CAMAGÜEY.- Cuando escuché el ofrecimiento de una recompensa para identificar a los asesinos de un conocido antropólogo recientemente ultimado, me percaté con mayor convicción de lo huérfana que esta la justicia en Colombia.

Realmente me pareció estarme traspolando a la época del pasado oeste norteamericano cuando en postes y paredes aparecían los cárteles de “se busca” y debajo la cifra ofrecida por su captura como recompensa, a pesar de haber transcurrido casi dos siglos de aquel escenario.

Y desde luego, no es casual que se recurra a este método de establecer la identidad del o de los asesinos de alguien cuando en ese país reina la más absoluta impunidad a la hora de establecer los responsables de hechos de esa naturaleza, sobre todo cuando se trata de líderes sociales, y detenerlos y juzgarlos para que paguen por sus actos criminales.

Resulta que este período, después que en el 2016 fueron firmados en La Habana los acuerdos de paz entre el Gobierno colombiano y las FARC-EP, el cual debió caracterizarse por la implementación de dichos acuerdos, lo que ha hecho es recrudecer la violencia y levantar mayores obstáculos para que el pueblo alcance la paz que tanto ansía.

Como consecuencia de dicha violencia, son alrededor de 600 los líderes comunitarios asesinados en los últimos años, señalándose el 2018 como el más cruento de todos con unas 155 víctimas, mientras en ese tiempo fueron también mayores las dilaciones para cumplir con lo refrendado, sobre todo en lo que concierne a la Jurisdicción Especial de Paz (JEP) encargada de aclarar los hechos de sangre más notorios durante el conflicto entre el Gobierno y las FARC-EP.

Es significativa  la persecución desatada contra los exguerrilleros que confiaron en la veracidad de las negociaciones y entregaron sus armas como prueba de su voluntad de dar por terminado el conflicto y reinsertarse en la vida civil,  sin embargo, 128 de esos combatientes han sido asesinados hasta estos momentos.

Con extraordinario cinismo el presidente Iván Duque ha declarado que los acuerdos fueron firmados por el Gobierno y no por el Estado colombiano por lo cual no se siente obligado con ellos, al punto de presentar al Congreso ocho enmiendas que los modifican sustancialmente, sobre todo en cuanto al establecimiento de las reservas para la capacitación y reincorporación de los guerrilleros y que no fueron aprobadas por la Cámara de Representantes pero las cuales deberán pasar ahora el Senado donde se cabildea para ser sancionadas.

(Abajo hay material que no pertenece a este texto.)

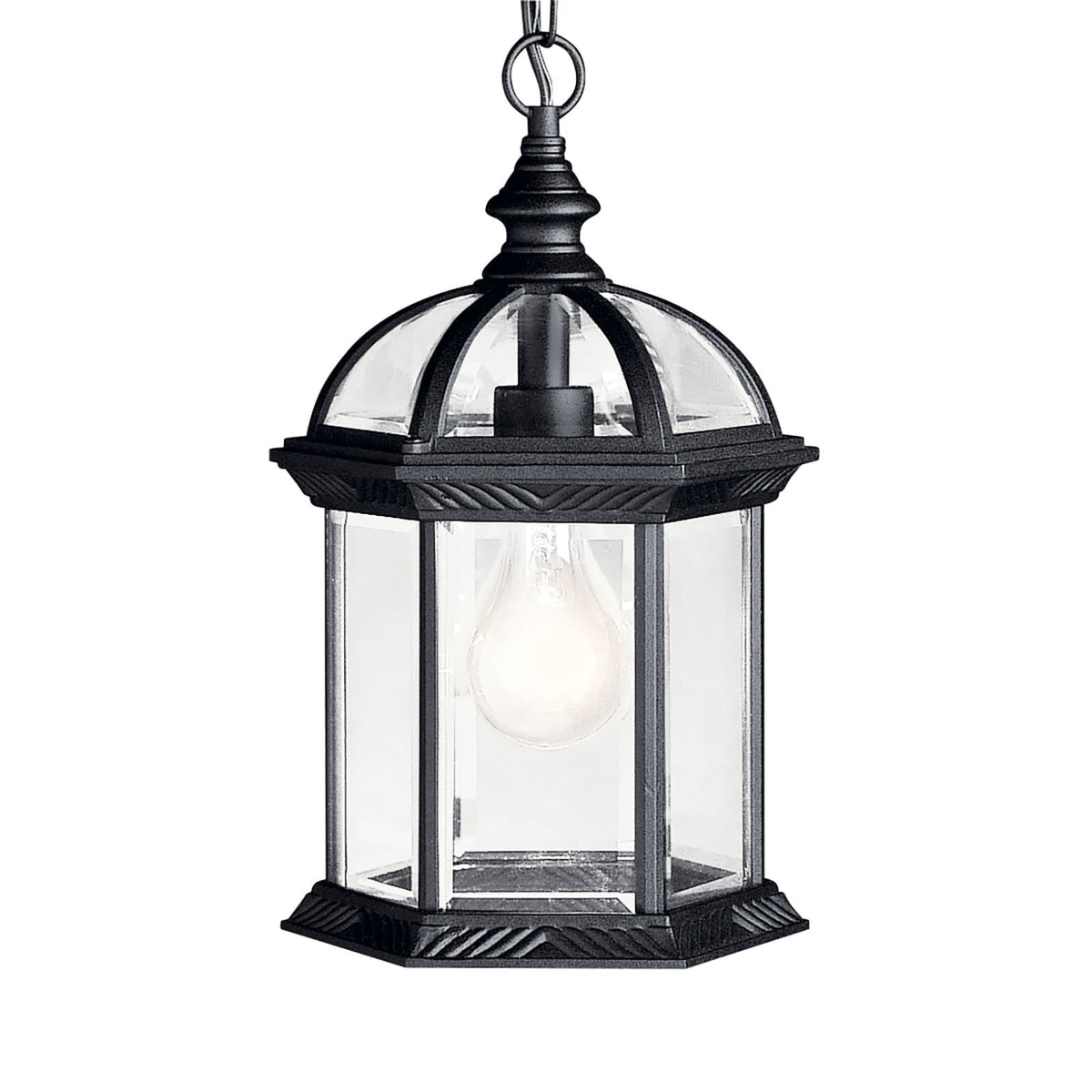 Kichler Barrie Outdoor Hanging Lantern, Black, Clear Beveled Glass, 8 in W x 13.5 in H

Por otra parte, Duque ha optado por desentenderse de las negociaciones que iniciara Juan Manuel Santos con el Ejército de Liberación Nacional (ELN), el otro grupo guerrillero que aún se mantiene sobre las armas y  ha declarado en más de una ocasión su voluntad de continuar las conversaciones que propicien arribar a acuerdos de paz.

La falta de voluntad de continuar avanzando en la implementación de los acuerdos es notoria si tenemos en cuenta que hasta ahora solo el 23 % de lo pactado se ha cumplido con un bajo por ciento de materialización y el 31 de ellos no ha comenzado ni siquiera a ponerse en marcha, todo lo cual evidencia que son muchos lo intereses que se mueven para retardar o impedir su total implementación a contrapelo del llamado hecho en ese sentido por el representante de la Misión de Verificación de las Naciones Unidas.

Hablando de intereses adversos a los acuerdos no sería ocioso apuntar que según algunos diputados que rechazaron las enmiendas presentadas por Duque al Congreso fueron presionados por el embajador de los Estados Unidos en el país, Kevin Withtaker, para que modificaran su posición.

Es pues impredecible el futuro de los acuerdos de paz entre Gobierno y las FARC-EP mientras el uribismo, uno de sus más enconados enemigos, siga mandando en Colombia a través del reaccionario Iván Duque.